---------- INFORMATION SUPPLIED ----------

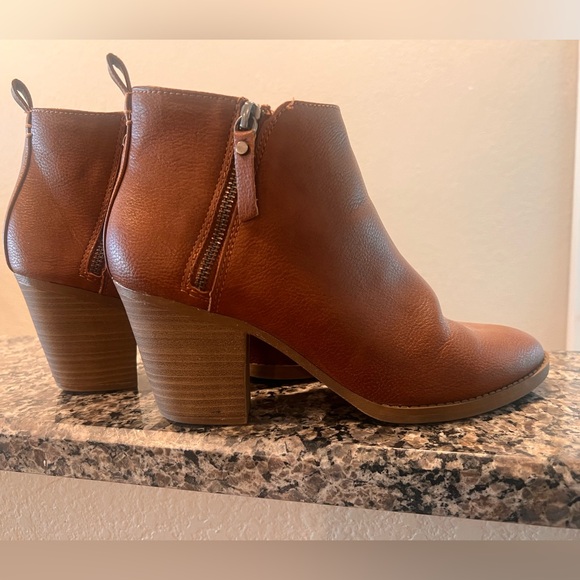 Universal thread brown boots - size 9.5 - Picture 2 of 5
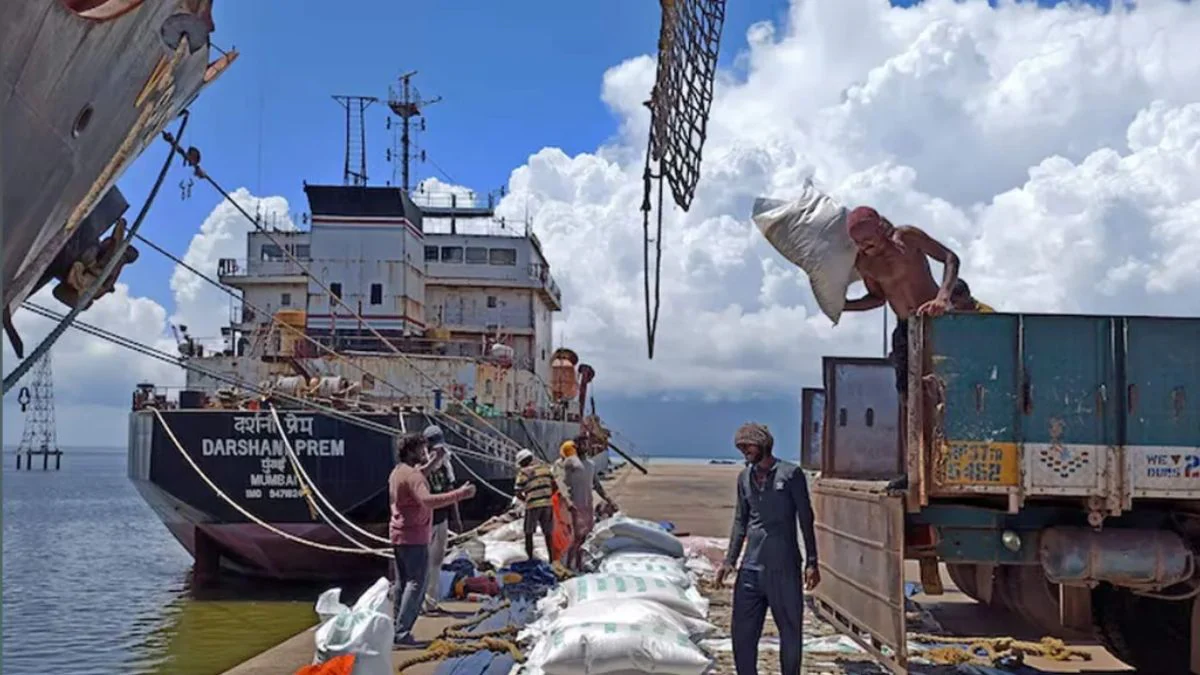 Iran conflict hits Indian rice exporters: Shipments via Bandar Abbas stalled, prices fall Rs 400–500/quintal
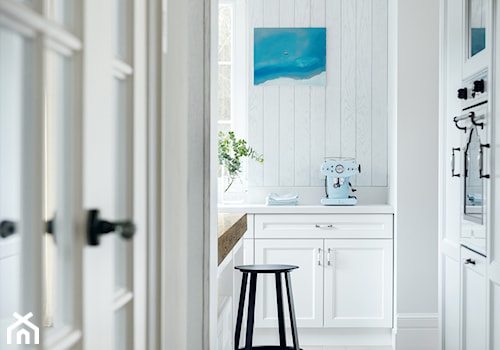 Dom w Trójmieście - Średnia otwarta z salonem biała z zabudowaną lodówką kuchnia dwurzędowa z wyspą lub półwyspem, styl tradycyjny - zdjęcie od ManaDesign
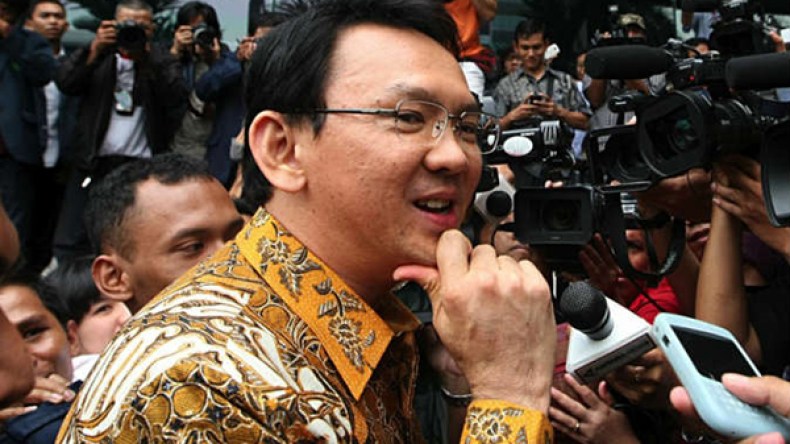 اتهام حاكم جاكرتا “بإهانة القرآن”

----------

*DESCRIPTION OF THE TASK*
From the first line to the last, repeat the material exactly, but drop the pictures.

*TASK OUTPUT*
 Universal thread brown boots - size 9.5 - Picture 2 of 5
 Iran conflict hits Indian rice exporters: Shipments via Bandar Abbas stalled, prices fall Rs 400–500/quintal
 Dom w Trójmieście - Średnia otwarta z salonem biała z zabudowaną lodówką kuchnia dwurzędowa z wyspą lub półwyspem, styl tradycyjny - zdjęcie od ManaDesign
 اتهام حاكم جاكرتا “بإهانة القرآن”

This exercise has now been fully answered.